The experiments took place during a global and local pandemic situation. I expected from the beginning of designing the experiment that I likely would meet resistance in the recruitment phase. I had 10 respondents, of which seven committed. The fear of infection may have limited willingness to participate. The qualitative nature of the study and the sample size is not reflective of the population of this region. A survey study could potentially reach broader, but the detailed discussions of each participant's consumption would be insufficient. Due to the temporal dimension of the study, it would be more difficult to coordinate the testing of the strategies through before-after surveys. My position as a researcher is actively involved in creating the contents of the handbook as a cultural probe, but also through conducting the interviews and discussions. A central tenet in action research is the co-production with the participants where ideas are exchanged which prompt unplanned topics. In such a study, it is challenging to be a neutral observer. Despite this, I hold that a mutual discussion about the topics addressed here creates better knowledge than without this joint involvement.

Results

The following presentation and analysis of the data topically relates to Wheeler and Glucksmann’s (Citation2015) recycling and household sorting consumption work but extends it to involve so-called ‘circular’ activities of repairing, sharing, and creating shorter and more localised waste loops. With these circular activities brings the acquisition of centralized knowledge. Together, the cases aim to describe the work needed to engage with sustainable consumption, including reflections of the informants around this work. The participants in this study were prior to, during, and after the experiment mentally and physically involved with the idea and performance of sorting household wastes. Wheeler and Glucksmann’s (Citation2015) detailed descriptions of the significant labour of sorting waste fragments post-purchase where individuals function as ‘suppliers,’ their homes as ‘warehouses,’ and the waste fragments are ‘distributed’ beyond the confines of the domestic sphere. This is very much the case for the participants in the experiment as well. The participants could choose changes that were relevant for them. Although some chose one main strategy, all participants engaged in a broad variety of new activities.
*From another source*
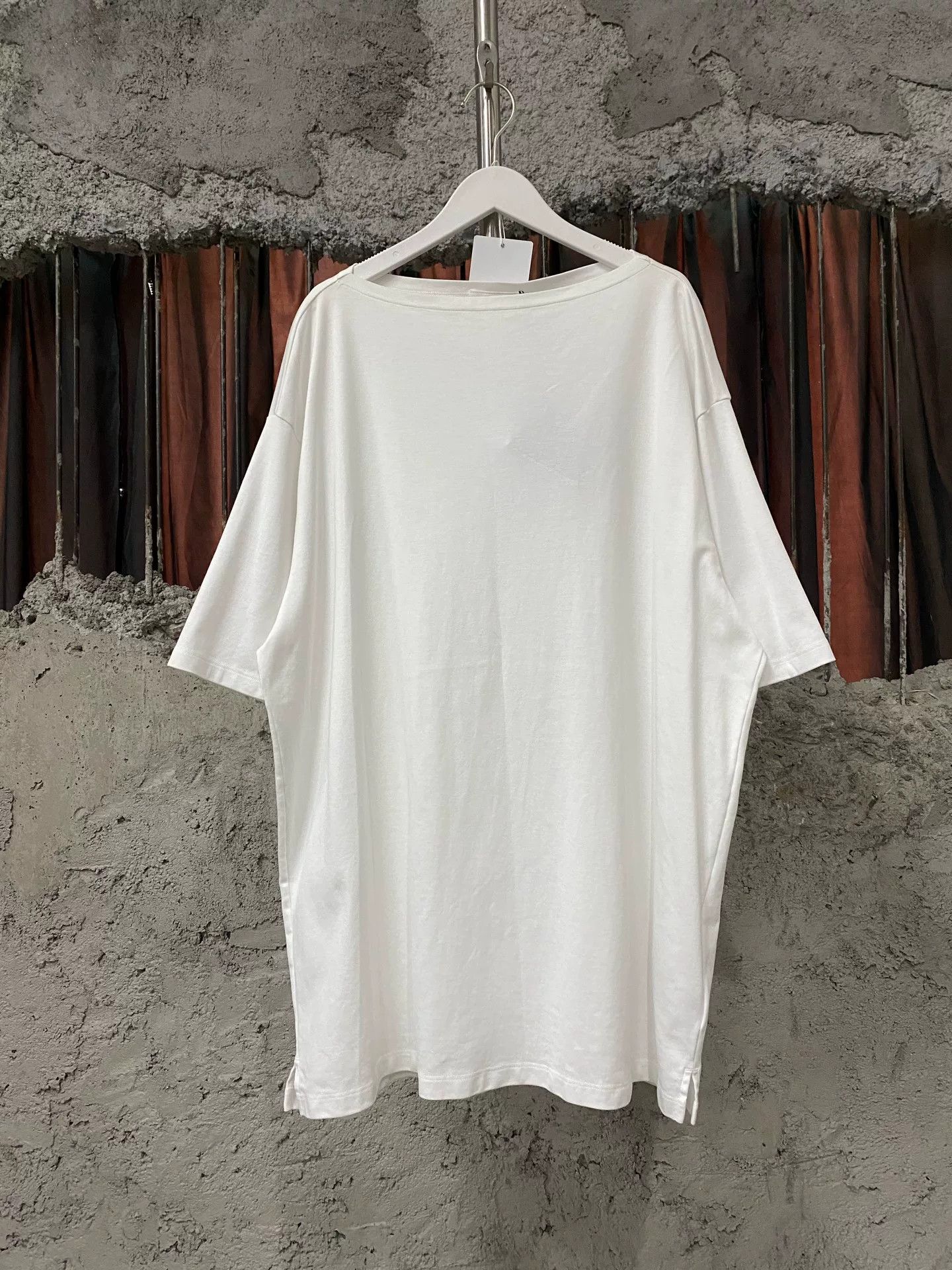 Prada Prada Logo Patch T-Shirt Size L Size US L / EU 52-54 / 3 - 3 Thumbnail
As this study focuses on change, the pre-interviews provided a starting point for understanding how they consume. Each household shared similarities such as being interested in environmental and climate aspects of consumption, they practiced repairs, reuse, and redesign from time to time, and they sorted their waste fractions diligently. They also chose products that were time saving due to the busy schedules of daily life. They enacted predominantly what CE proponents describe as a linear management of resources, in which products were acquired, used, and discarded as waste. In most cases, the discarded products were transferred out of the household. Waste is a central topic in CE literature and policy and it is especially relevant for domestic consumption (work). The findings show that even prior to the experiment, but much more during and after the experiment, there were activities of using particularly food waste for domestic use, like composting and gardening. In the next section (4.1), excerpts of the participants’ experiences of changing their consumption and descriptions of how resources flow both beyond and within the domestic economy are presented. Observations regarding circular consumption activities that go beyond the focus on waste management – particularly repairs – are collected in the second part of the empirical observations (4.2).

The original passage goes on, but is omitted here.